» **INPUT DATA**
########

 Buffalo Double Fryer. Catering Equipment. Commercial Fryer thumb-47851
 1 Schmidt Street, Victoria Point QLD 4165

########

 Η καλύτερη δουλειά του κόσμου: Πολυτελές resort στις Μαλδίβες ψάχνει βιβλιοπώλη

########

» **WHAT TO DO**
There is a line with "Buffalo Double Fryer." and a line with "1 Schmidt Street, Victoria Point QLD 4165" above. Copy exactly those two lines and all lines between them, with nothing else.

» **RESULT OF THIS TASK**
 Buffalo Double Fryer. Catering Equipment. Commercial Fryer thumb-47851
 1 Schmidt Street, Victoria Point QLD 4165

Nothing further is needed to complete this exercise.